▶ Entries shown
━━━━
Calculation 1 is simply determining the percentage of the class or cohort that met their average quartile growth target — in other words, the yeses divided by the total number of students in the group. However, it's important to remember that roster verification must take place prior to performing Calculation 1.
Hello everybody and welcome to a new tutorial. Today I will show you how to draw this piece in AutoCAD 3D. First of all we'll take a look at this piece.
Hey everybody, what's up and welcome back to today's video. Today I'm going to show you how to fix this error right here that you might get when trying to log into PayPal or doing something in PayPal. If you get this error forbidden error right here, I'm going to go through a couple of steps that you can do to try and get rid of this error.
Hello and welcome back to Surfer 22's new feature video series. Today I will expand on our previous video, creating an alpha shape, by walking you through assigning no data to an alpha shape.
━━━━
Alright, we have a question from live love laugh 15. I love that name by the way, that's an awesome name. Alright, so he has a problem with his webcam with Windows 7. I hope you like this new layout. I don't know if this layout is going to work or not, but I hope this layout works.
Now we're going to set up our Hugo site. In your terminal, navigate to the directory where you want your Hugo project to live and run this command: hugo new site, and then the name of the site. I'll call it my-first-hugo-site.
━━━━
▶ Your task
Out of the material above, select every line that holds the string "Hello".

▶ Exercise output
Hello everybody and welcome to a new tutorial. Today I will show you how to draw this piece in AutoCAD 3D. First of all we'll take a look at this piece.
Hello and welcome back to Surfer 22's new feature video series. Today I will expand on our previous video, creating an alpha shape, by walking you through assigning no data to an alpha shape.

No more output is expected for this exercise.